Brillhart v. Edison Light & Power Co.

Dissenting Opinion by

Mr. Justice Bell:

The degree of care required by the majority opinion imposes too great, too unreasonable, and too impractical a burden upon the defendant. This case is ruled in principle in favor of the defendant by O’Gara v. Philadelphia Electric Company, 244 Pa. 156, 90 A. 529. In that case the electric company had its uninsulated electric wires 8 or 10 feet above the sidewalk where children played. A seven year old boy climbed a pole supporting an awning and while walking along this horizontal- pole came in contact with the uninsulated wire. The entry of a judgment n.o.v. was affirmed by this Court on the ground that the electric company had maintained its wires at a height inaccessible by anyone in the ordinary or usual use of the sidewalk and it was bound to guard against only the ordinary and usual use of the premises. Neither the boy nor anyone lawfully in proximity to defendant’s wires was likely to come in contact with them.

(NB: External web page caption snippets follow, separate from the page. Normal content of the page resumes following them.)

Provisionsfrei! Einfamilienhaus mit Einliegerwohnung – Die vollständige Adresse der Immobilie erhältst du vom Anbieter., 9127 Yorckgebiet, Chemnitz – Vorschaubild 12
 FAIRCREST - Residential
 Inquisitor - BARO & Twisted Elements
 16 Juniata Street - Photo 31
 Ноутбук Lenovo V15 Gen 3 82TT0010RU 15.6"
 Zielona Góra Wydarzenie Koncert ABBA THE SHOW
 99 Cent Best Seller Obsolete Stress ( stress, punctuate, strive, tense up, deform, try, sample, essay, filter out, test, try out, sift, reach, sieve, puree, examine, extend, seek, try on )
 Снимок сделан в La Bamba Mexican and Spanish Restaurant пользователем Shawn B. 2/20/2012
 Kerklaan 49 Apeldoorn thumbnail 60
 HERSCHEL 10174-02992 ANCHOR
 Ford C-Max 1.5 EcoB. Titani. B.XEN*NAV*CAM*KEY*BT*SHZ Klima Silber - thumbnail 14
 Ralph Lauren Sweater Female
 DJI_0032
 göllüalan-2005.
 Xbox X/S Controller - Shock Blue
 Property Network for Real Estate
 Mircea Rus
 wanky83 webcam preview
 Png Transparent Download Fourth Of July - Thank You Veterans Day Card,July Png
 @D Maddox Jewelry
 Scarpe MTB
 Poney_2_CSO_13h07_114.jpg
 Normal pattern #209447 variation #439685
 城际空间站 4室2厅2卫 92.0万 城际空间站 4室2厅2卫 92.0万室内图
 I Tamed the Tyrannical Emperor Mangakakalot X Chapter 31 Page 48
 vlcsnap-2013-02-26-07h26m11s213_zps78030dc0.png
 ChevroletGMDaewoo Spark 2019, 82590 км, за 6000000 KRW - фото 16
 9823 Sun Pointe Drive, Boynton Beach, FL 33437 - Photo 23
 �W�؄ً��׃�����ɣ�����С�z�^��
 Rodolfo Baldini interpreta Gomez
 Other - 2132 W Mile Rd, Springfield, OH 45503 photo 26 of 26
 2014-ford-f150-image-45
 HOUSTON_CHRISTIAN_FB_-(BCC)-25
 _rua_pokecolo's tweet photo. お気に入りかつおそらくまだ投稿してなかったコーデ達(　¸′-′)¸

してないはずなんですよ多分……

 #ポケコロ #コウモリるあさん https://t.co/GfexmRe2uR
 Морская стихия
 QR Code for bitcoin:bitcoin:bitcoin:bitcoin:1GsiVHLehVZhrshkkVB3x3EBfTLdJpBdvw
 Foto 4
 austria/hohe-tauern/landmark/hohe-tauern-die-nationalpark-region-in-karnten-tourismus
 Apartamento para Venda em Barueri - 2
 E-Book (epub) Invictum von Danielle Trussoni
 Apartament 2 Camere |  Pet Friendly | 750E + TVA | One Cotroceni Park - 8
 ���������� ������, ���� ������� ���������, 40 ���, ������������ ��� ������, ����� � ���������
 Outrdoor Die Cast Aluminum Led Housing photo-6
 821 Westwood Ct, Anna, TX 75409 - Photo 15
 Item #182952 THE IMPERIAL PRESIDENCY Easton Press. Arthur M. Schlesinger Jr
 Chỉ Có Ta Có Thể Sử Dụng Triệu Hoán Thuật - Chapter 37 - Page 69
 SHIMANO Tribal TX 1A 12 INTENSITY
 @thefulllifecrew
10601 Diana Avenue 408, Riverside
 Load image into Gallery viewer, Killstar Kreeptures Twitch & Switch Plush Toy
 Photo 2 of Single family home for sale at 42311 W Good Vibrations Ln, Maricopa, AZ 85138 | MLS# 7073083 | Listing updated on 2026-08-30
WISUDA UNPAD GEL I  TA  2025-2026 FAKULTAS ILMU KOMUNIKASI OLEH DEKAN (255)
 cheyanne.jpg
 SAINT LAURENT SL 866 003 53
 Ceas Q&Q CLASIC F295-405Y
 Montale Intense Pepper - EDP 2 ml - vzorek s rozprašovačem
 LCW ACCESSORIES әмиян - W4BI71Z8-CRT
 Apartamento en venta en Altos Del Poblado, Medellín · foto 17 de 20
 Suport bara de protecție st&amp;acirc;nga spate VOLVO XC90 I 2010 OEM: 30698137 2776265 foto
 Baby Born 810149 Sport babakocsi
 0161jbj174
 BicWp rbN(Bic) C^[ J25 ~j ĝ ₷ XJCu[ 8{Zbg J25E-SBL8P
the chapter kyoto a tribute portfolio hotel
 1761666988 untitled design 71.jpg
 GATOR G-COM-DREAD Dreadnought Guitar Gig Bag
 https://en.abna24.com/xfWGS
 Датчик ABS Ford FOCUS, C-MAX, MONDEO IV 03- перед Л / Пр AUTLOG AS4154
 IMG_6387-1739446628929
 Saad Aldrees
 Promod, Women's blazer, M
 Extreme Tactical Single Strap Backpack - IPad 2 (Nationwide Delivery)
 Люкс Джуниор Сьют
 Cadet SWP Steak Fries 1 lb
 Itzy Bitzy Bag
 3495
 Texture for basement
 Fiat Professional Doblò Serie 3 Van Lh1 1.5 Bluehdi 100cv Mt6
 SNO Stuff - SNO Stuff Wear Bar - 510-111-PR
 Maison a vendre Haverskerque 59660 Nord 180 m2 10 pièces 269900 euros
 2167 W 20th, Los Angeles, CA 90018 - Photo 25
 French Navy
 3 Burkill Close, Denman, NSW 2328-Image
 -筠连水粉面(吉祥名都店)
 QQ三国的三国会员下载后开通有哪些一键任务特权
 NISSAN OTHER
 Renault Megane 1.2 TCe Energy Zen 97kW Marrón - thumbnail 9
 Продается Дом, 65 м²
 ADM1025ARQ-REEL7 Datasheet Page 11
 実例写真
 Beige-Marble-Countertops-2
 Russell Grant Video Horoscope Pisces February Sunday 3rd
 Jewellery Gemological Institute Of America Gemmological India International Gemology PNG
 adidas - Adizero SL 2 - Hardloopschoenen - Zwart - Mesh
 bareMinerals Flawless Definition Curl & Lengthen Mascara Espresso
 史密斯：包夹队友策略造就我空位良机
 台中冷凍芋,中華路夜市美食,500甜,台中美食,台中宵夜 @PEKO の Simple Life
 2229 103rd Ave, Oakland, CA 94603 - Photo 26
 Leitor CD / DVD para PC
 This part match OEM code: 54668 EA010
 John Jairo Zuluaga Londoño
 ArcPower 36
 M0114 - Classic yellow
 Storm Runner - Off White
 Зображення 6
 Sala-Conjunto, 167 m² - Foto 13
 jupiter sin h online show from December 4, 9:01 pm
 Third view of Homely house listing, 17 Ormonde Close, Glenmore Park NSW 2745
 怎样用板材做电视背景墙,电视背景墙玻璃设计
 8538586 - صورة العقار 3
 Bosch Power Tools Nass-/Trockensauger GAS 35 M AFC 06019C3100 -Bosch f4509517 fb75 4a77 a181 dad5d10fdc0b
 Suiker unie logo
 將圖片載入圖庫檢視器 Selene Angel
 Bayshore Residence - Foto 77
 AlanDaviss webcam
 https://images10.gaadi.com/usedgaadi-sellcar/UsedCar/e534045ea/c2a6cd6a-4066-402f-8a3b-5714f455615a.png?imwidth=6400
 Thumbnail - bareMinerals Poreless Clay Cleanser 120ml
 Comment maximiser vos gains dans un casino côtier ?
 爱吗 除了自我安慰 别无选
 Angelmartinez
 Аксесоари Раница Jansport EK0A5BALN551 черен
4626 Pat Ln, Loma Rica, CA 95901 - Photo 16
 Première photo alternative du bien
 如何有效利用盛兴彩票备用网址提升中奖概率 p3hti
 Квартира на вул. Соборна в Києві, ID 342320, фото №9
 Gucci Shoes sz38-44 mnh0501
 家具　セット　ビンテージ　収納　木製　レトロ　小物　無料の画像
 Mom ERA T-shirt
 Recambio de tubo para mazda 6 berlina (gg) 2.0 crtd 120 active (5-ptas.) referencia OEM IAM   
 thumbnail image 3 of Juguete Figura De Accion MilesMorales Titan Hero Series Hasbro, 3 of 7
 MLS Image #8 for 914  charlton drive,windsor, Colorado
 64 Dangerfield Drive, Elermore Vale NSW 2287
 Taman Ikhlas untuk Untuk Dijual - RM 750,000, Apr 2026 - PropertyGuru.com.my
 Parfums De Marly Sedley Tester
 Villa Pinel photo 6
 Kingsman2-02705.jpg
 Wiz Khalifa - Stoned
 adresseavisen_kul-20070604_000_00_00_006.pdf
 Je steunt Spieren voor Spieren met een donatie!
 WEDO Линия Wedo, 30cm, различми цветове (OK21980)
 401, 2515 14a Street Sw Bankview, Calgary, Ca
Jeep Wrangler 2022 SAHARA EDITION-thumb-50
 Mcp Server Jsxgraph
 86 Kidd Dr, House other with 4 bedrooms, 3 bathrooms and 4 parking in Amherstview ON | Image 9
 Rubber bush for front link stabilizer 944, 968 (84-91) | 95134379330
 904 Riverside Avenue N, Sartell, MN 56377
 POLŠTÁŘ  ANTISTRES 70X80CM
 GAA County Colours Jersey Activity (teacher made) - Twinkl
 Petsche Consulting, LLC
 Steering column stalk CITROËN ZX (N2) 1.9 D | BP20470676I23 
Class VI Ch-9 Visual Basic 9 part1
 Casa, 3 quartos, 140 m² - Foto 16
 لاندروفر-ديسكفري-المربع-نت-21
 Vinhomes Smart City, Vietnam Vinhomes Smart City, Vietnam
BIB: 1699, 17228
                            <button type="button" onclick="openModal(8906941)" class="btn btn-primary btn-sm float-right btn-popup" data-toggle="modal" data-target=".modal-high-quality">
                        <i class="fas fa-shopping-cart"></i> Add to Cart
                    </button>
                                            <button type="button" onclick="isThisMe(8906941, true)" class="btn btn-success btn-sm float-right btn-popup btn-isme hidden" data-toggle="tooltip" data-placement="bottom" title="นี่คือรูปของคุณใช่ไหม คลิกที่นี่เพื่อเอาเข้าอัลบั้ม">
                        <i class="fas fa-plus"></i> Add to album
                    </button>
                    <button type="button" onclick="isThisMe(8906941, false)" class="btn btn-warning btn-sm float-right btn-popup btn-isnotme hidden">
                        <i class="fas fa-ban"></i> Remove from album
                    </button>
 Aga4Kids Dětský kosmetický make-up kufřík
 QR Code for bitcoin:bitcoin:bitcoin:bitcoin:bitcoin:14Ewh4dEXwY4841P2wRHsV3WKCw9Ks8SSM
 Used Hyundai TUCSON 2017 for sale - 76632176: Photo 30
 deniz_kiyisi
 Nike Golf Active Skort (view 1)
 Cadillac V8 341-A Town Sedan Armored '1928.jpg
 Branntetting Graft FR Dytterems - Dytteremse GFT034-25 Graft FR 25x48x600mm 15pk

Moreover, the majority neglected to mention in its opinion two very important facts: (1) the decedent knew exactly where the defendant’s wires were strung when he entered the pump-house; (2) The nearest wire was not only 10% feet above the pump-house roof, hut *317was 5 feet horizontally away from the hatch or opening in the pump-house roof, and if the decedent had not negligently let his pipe fall a distance of 5 feet into defendant’s wire, the accident would never have happened.

For these reasons I would enter judgment for the defendant non obstante veredicto.